→ Work item:
Please copy the data shown below, word for word.

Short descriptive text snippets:
=-=-=-=-=

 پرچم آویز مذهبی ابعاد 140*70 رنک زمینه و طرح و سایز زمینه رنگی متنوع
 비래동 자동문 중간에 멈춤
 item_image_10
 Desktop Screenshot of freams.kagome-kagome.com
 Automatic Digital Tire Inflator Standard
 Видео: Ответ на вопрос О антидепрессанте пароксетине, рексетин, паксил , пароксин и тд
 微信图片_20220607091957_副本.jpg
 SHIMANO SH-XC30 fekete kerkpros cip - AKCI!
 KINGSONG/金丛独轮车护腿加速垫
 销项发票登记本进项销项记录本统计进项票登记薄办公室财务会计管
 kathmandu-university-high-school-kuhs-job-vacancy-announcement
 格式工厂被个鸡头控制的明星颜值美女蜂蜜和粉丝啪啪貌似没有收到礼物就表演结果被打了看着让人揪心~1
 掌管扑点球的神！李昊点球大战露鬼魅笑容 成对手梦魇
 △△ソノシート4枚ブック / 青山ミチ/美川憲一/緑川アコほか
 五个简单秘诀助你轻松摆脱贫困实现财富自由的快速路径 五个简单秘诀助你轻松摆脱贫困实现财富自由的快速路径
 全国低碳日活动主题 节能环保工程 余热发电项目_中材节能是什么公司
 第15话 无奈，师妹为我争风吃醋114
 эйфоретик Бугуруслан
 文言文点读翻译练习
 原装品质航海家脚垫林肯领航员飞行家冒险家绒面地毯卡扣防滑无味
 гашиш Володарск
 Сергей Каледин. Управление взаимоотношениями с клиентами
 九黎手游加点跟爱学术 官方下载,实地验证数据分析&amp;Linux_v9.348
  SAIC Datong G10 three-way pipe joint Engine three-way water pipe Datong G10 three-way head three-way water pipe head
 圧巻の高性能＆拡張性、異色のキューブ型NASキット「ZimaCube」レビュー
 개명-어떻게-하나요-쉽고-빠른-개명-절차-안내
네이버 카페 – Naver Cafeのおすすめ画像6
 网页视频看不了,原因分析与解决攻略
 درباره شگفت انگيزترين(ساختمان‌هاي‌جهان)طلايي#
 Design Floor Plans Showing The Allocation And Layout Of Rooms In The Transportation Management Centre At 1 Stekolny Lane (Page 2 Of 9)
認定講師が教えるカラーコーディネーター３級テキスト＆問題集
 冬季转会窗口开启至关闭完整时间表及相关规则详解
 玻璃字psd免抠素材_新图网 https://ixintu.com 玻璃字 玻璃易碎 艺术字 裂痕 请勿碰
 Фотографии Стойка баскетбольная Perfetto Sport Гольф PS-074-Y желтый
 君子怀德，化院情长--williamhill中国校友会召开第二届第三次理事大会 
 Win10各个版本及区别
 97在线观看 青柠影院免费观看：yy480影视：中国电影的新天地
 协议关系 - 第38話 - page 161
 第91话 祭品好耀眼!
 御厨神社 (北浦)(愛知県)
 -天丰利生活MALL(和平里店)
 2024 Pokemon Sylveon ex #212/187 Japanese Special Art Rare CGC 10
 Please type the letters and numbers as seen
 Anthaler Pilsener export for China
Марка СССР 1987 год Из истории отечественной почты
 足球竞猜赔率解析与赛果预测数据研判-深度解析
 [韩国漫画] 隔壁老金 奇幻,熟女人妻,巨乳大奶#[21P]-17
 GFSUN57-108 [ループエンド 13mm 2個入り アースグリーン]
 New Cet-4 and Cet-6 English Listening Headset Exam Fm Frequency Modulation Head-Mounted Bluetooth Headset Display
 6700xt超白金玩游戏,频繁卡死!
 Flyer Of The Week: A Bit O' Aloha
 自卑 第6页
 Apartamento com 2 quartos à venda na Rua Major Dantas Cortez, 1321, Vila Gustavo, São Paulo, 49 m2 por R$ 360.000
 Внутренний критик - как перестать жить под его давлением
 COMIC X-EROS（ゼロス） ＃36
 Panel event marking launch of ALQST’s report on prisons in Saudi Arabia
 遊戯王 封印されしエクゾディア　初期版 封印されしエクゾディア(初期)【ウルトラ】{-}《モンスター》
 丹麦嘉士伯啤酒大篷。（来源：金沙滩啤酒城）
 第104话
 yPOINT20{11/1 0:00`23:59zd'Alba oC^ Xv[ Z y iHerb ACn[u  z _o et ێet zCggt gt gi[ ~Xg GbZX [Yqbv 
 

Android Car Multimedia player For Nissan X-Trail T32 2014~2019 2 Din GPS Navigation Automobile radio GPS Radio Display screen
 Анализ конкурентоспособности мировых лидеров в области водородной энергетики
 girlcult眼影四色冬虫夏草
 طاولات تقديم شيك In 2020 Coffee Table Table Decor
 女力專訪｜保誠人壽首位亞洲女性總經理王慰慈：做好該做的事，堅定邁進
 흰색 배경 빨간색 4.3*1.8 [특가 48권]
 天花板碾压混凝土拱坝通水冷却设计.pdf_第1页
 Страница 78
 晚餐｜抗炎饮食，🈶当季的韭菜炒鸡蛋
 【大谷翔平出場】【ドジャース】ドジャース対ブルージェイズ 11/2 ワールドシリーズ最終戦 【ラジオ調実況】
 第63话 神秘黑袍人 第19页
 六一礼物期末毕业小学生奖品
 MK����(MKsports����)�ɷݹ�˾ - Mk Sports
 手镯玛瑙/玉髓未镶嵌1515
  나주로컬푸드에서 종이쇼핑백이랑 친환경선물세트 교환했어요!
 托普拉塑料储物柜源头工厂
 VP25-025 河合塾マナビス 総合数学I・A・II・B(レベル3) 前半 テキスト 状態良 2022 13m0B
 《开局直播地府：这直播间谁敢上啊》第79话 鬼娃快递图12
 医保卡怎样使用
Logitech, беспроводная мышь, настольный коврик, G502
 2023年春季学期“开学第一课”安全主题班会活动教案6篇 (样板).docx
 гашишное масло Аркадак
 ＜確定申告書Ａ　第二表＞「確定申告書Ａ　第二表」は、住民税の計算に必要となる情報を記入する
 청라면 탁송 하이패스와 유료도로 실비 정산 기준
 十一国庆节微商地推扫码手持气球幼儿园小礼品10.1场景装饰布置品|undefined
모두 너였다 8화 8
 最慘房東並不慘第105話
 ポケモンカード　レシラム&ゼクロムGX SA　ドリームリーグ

=-=-=-=-=

→ Solution to this task:
 پرچم آویز مذهبی ابعاد 140*70 رنک زمینه و طرح و سایز زمینه رنگی متنوع
 비래동 자동문 중간에 멈춤
 item_image_10
 Desktop Screenshot of freams.kagome-kagome.com
 Automatic Digital Tire Inflator Standard
 Видео: Ответ на вопрос О антидепрессанте пароксетине, рексетин, паксил , пароксин и тд
 微信图片_20220607091957_副本.jpg
 SHIMANO SH-XC30 fekete kerkpros cip - AKCI!
 KINGSONG/金丛独轮车护腿加速垫
 销项发票登记本进项销项记录本统计进项票登记薄办公室财务会计管
 kathmandu-university-high-school-kuhs-job-vacancy-announcement
 格式工厂被个鸡头控制的明星颜值美女蜂蜜和粉丝啪啪貌似没有收到礼物就表演结果被打了看着让人揪心~1
 掌管扑点球的神！李昊点球大战露鬼魅笑容 成对手梦魇
 △△ソノシート4枚ブック / 青山ミチ/美川憲一/緑川アコほか
 五个简单秘诀助你轻松摆脱贫困实现财富自由的快速路径 五个简单秘诀助你轻松摆脱贫困实现财富自由的快速路径
 全国低碳日活动主题 节能环保工程 余热发电项目_中材节能是什么公司
 第15话 无奈，师妹为我争风吃醋114
 эйфоретик Бугуруслан
 文言文点读翻译练习
 原装品质航海家脚垫林肯领航员飞行家冒险家绒面地毯卡扣防滑无味
 гашиш Володарск
 Сергей Каледин. Управление взаимоотношениями с клиентами
 九黎手游加点跟爱学术 官方下载,实地验证数据分析&amp;Linux_v9.348
  SAIC Datong G10 three-way pipe joint Engine three-way water pipe Datong G10 three-way head three-way water pipe head
 圧巻の高性能＆拡張性、異色のキューブ型NASキット「ZimaCube」レビュー
 개명-어떻게-하나요-쉽고-빠른-개명-절차-안내
네이버 카페 – Naver Cafeのおすすめ画像6
 网页视频看不了,原因分析与解决攻略
 درباره شگفت انگيزترين(ساختمان‌هاي‌جهان)طلايي#
 Design Floor Plans Showing The Allocation And Layout Of Rooms In The Transportation Management Centre At 1 Stekolny Lane (Page 2 Of 9)
認定講師が教えるカラーコーディネーター３級テキスト＆問題集
 冬季转会窗口开启至关闭完整时间表及相关规则详解
 玻璃字psd免抠素材_新图网 https://ixintu.com 玻璃字 玻璃易碎 艺术字 裂痕 请勿碰
 Фотографии Стойка баскетбольная Perfetto Sport Гольф PS-074-Y желтый
 君子怀德，化院情长--williamhill中国校友会召开第二届第三次理事大会 
 Win10各个版本及区别
 97在线观看 青柠影院免费观看：yy480影视：中国电影的新天地
 协议关系 - 第38話 - page 161
 第91话 祭品好耀眼!
 御厨神社 (北浦)(愛知県)
 -天丰利生活MALL(和平里店)
 2024 Pokemon Sylveon ex #212/187 Japanese Special Art Rare CGC 10
 Please type the letters and numbers as seen
 Anthaler Pilsener export for China
Марка СССР 1987 год Из истории отечественной почты
 足球竞猜赔率解析与赛果预测数据研判-深度解析
 [韩国漫画] 隔壁老金 奇幻,熟女人妻,巨乳大奶#[21P]-17
 GFSUN57-108 [ループエンド 13mm 2個入り アースグリーン]
 New Cet-4 and Cet-6 English Listening Headset Exam Fm Frequency Modulation Head-Mounted Bluetooth Headset Display
 6700xt超白金玩游戏,频繁卡死!
 Flyer Of The Week: A Bit O' Aloha
 自卑 第6页
 Apartamento com 2 quartos à venda na Rua Major Dantas Cortez, 1321, Vila Gustavo, São Paulo, 49 m2 por R$ 360.000
 Внутренний критик - как перестать жить под его давлением
 COMIC X-EROS（ゼロス） ＃36
 Panel event marking launch of ALQST’s report on prisons in Saudi Arabia
 遊戯王 封印されしエクゾディア　初期版 封印されしエクゾディア(初期)【ウルトラ】{-}《モンスター》
 丹麦嘉士伯啤酒大篷。（来源：金沙滩啤酒城）
 第104话
 yPOINT20{11/1 0:00`23:59zd'Alba oC^ Xv[ Z y iHerb ACn[u  z _o et ێet zCggt gt gi[ ~Xg GbZX [Yqbv 
 

Android Car Multimedia player For Nissan X-Trail T32 2014~2019 2 Din GPS Navigation Automobile radio GPS Radio Display screen
 Анализ конкурентоспособности мировых лидеров в области водородной энергетики
 girlcult眼影四色冬虫夏草
 طاولات تقديم شيك In 2020 Coffee Table Table Decor
 女力專訪｜保誠人壽首位亞洲女性總經理王慰慈：做好該做的事，堅定邁進
 흰색 배경 빨간색 4.3*1.8 [특가 48권]
 天花板碾压混凝土拱坝通水冷却设计.pdf_第1页
 Страница 78
 晚餐｜抗炎饮食，🈶当季的韭菜炒鸡蛋
 【大谷翔平出場】【ドジャース】ドジャース対ブルージェイズ 11/2 ワールドシリーズ最終戦 【ラジオ調実況】
 第63话 神秘黑袍人 第19页
 六一礼物期末毕业小学生奖品
 MK����(MKsports����)�ɷݹ�˾ - Mk Sports
 手镯玛瑙/玉髓未镶嵌1515
  나주로컬푸드에서 종이쇼핑백이랑 친환경선물세트 교환했어요!
 托普拉塑料储物柜源头工厂
 VP25-025 河合塾マナビス 総合数学I・A・II・B(レベル3) 前半 テキスト 状態良 2022 13m0B
 《开局直播地府：这直播间谁敢上啊》第79话 鬼娃快递图12
 医保卡怎样使用
Logitech, беспроводная мышь, настольный коврик, G502
 2023年春季学期“开学第一课”安全主题班会活动教案6篇 (样板).docx
 гашишное масло Аркадак
 ＜確定申告書Ａ　第二表＞「確定申告書Ａ　第二表」は、住民税の計算に必要となる情報を記入する
 청라면 탁송 하이패스와 유료도로 실비 정산 기준
 十一国庆节微商地推扫码手持气球幼儿园小礼品10.1场景装饰布置品|undefined
모두 너였다 8화 8
 最慘房東並不慘第105話
 ポケモンカード　レシラム&ゼクロムGX SA　ドリームリーグ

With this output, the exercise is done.